If she feeds with honey supers on then no doubt there is a portion of syrup in the mix. In early spring she likely wouldn't have honey supers on yet and any fall feeding for winter the supers will be pulled. Just by means of....boxes on or off when feeding can prove or deny syrup contamination. 

The refrigerator she speaks about sounds like a warm box. Its actually not a bad idea. It likely keep the honey at a constant temp or decrystalizes when she is ready to sell. Cooler temps common during winter or in a conditioned home will cause the honey to crystallize quicker.... elevated temps like 80-90f honey is much slower to crystalize. Also the type of honey and ratio of sucrose/fructose will determine who quickly honey will crystallize.


----------



## ABK (May 9, 2016)

Yeah, I guess you can't get away from the feeding, I'm not complaining about that much. Seems like in any commercial operation it would be a slippery slope seeing how much quicker you can produce honey if you let them forage your syrup that's 2 inches away from the hive rather then spend the time flying around.
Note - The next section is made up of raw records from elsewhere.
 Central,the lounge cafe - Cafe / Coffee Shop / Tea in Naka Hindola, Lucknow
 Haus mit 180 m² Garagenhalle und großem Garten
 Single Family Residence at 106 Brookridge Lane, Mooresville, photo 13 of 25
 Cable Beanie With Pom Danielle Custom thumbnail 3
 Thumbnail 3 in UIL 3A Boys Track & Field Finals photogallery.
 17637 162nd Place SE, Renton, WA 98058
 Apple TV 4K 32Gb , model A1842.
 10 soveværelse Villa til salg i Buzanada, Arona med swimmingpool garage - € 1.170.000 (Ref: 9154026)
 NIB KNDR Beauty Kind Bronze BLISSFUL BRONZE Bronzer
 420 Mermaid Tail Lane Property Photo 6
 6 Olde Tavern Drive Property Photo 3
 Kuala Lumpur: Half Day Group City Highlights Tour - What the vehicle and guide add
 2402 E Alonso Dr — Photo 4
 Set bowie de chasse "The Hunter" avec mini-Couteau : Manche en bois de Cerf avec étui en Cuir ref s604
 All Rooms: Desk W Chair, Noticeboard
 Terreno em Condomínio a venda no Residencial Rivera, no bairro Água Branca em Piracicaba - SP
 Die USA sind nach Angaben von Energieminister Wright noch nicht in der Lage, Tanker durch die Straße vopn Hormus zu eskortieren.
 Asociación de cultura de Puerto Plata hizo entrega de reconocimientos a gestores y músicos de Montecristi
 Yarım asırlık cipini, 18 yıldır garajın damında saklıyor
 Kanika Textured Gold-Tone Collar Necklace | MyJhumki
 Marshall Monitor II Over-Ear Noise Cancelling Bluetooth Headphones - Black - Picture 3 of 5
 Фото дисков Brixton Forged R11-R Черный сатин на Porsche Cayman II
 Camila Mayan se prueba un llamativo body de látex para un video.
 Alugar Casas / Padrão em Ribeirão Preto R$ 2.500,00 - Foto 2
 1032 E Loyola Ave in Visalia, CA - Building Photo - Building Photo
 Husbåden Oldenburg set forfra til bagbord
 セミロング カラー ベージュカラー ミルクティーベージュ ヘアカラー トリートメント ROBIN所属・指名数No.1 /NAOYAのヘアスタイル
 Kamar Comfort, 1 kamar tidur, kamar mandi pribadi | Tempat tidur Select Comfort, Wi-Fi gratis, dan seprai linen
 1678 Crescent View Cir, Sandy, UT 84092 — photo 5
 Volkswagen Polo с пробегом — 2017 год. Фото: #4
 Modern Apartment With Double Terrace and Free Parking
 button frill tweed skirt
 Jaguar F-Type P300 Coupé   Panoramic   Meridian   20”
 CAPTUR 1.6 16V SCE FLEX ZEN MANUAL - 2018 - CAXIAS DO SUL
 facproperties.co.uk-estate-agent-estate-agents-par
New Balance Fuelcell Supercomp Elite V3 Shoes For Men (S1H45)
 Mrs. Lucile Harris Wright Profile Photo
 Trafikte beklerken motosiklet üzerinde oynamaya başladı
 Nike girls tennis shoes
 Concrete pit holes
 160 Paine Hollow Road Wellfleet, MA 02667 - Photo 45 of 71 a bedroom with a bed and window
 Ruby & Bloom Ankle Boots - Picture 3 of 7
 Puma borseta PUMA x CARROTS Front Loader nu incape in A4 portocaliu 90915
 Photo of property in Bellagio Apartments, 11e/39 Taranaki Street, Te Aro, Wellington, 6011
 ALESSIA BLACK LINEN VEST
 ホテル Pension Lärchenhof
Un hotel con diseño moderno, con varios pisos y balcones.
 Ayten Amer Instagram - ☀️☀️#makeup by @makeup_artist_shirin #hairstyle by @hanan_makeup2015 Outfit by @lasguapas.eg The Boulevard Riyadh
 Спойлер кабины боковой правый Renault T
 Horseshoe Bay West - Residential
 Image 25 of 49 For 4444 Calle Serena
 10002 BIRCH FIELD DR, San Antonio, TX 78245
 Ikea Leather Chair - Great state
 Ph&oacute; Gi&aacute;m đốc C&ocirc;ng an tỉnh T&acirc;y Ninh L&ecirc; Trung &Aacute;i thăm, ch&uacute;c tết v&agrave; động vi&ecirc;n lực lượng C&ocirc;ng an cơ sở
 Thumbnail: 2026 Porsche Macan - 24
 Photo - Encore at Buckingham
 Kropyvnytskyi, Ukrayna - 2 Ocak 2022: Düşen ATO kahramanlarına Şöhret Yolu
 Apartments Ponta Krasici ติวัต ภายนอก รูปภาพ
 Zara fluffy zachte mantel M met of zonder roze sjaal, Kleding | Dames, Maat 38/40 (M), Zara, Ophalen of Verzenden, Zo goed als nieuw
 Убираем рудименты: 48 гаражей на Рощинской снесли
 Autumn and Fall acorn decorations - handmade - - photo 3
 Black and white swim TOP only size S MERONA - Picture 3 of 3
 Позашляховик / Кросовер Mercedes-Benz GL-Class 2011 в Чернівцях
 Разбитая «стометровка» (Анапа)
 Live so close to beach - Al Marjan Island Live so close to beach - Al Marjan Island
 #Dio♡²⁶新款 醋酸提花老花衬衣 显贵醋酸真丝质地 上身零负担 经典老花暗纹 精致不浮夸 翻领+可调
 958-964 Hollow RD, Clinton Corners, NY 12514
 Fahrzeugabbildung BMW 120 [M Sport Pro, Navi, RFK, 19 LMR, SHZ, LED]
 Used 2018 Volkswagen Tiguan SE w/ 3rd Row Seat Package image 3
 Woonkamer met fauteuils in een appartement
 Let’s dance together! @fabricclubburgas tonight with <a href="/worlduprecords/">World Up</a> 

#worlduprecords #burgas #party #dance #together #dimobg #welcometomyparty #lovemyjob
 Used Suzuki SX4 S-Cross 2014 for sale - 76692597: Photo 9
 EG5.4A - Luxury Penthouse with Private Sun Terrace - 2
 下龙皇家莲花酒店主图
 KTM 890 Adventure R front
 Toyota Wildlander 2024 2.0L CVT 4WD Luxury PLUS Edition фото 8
I've had the clover honey in my chilly and unheated basement all winter in a dark place and it still is liquid. That's what I don't understand. Not that I have a benchmark to compare to but I thought all honey crystallizes.


----------



## John Davis (Apr 29, 2014)

Most honey crystallizes, some in days, some years. Some few don't. It all depends on the mixture of sugars which is dependent on the mix of nectars gathered. It also depends on how much, and the size and shape of the pollen grains in the honey. The crystals start to form on these. Even honey that has some "fed syrup" in it will crystallize. The fact that your container has not is not necessarily an indication that it's not honey. Unless you got high fructose corn syrup.


----------



## gww (Feb 14, 2015)

Did I read correctly or wrongly that freezing the honey first for a bit slows down later crystalation of honey?
Thanks
gww


----------



## AHudd (Mar 5, 2015)

Read up on making creamed honey. Any deviation, up or down, from 57 degrees will decrease the speed of crystallization. Then add in all the factors mentioned above.

Alex


----------



## sharpdog (Jun 6, 2012)

In fall if the weather is right we get a huge clover crop. It does granulate, but in such a smooth texture that it naturally creams. 3 years later we can still squeeze it out of a honey bear at room temperature. Its the holy grail of honey crops, and things are looking favourable this year.


----------



## ABK (May 9, 2016)

I believe I've seen "creamed" clover honey, or a floral mix containing clover that I was able to squeeze also. But this one is clear like a bottle of tea. That's what boggles my mind. I have another jar from her purchased at the same time that's a different type of honey which crystallized as it should. I almost prefer it that way.


----------